It took a few lessons and I studied the book you get from the DMV when they issue you your permit. I aced the test, and passed the driving test thanks to Dad.
But that was the 2nd time I took the driving test.
The first time I was nearly through it and the guy that was in the van with me when I took the test yanked on the emergency brake and broke it. The van was 12 years old by then, it just gave way because he pulled on it really hard. So he failed me not for my performance but because of the vehicle.
My dad was pissed. I remember him being angry at the guy. It’s always okay to do stuff to your own kids, but see what happens when somebody else does something to them. I remember we were walking back to the barracks and a piece of the paperwork blew out of my dad’s hand and we were both chasing it in the wind.
Well I guess we chased that slip of paper into a restricted area, and when we looked up there were two formidable soldiers with automatic weapons pointed at us. We explained that we were chasing a document and had gotten it. We walked back to the barracks and re-scheduled another test for me. My dad was still salty about the test guy, but we had a good laugh about having armed soldiers pointing their guns at us.
So now the old horse was mine.

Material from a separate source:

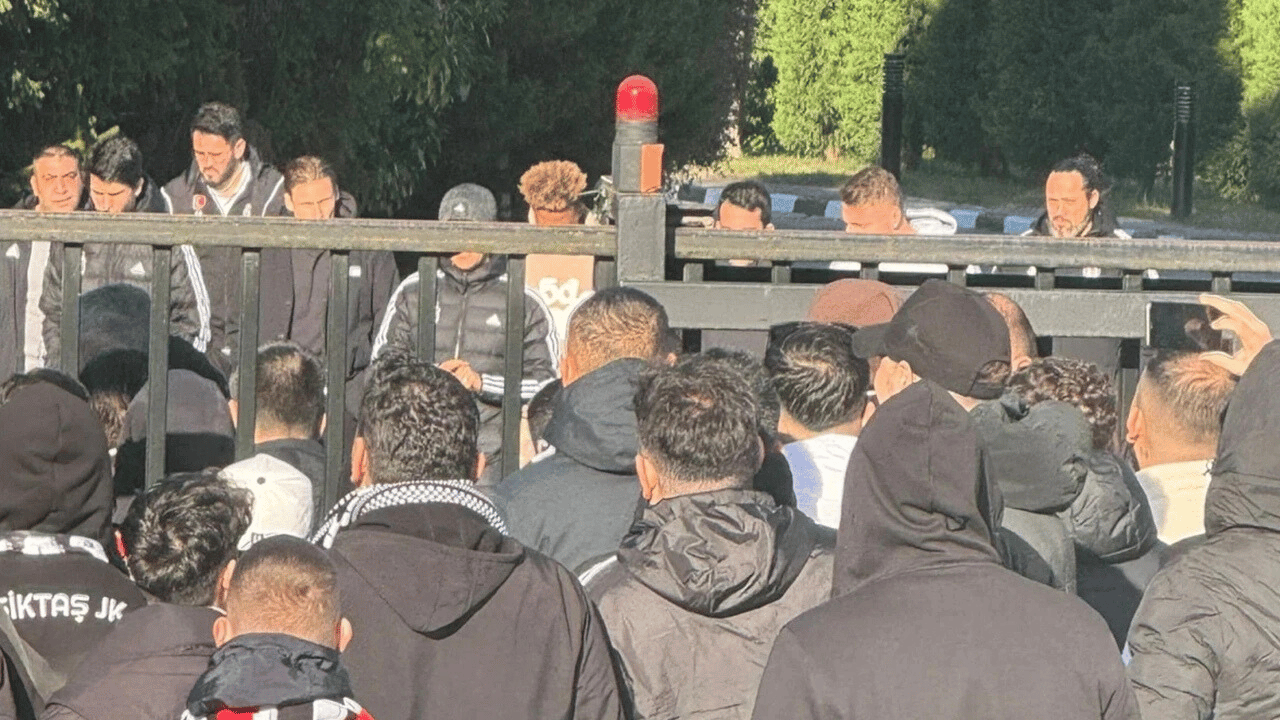 Beşiktaşlı taraftarlardan Nevzat Demir Tesisleri'nde oyunculara ikaz: Bu işler böyle devam ederse, buraya 150 kişi değil 150 bin kişi geliriz!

My dad said he wanted the van to be nice when he passed it to me so he took me to a stereo store and he had a cassette player installed in it. two speakers up front under the dash and three in the back. I didn’t even have a cassette player at home. I was still buying vinyl records and had some 8 tracks.
I remember I had heard a song on the radio called “Girls Got Rhythm.” I wanted that to be the first cassette I ever bought. So I drove out to the Rio Grande Mall and picked up AC/DC’s Highway To Hell album. I cranked that shit up all the way back to the house.
Sometimes after dinner I would just get in and drive around for a while. I just loved listening to my music and driving around. If my sister April needed she and her girlfriends to be transported or picked up, I had the capabilities and the space to carry a load of them.
Having the minibus all summer back in 1981 was glorious. We could cruise around in it, carry my band gear, it was awesome.
There was an old drive in movie theater out in Rio Grande. One of my coolest memories of the van was, we’d drive out there and see double features. It was fantastic fun for a bunch of young guys. I remember the road leading in was all broken seashells. It was a dilapidated dump of a place but we loved it. We’d find a good spot and park the van at dusk. We’d have our tickets and all get out of the van and head towards the broken down fence. We’d slip through the opening and hit the liquor store on the other side on Rt. 47. I’d usually get an 8 pack of Miller ponies.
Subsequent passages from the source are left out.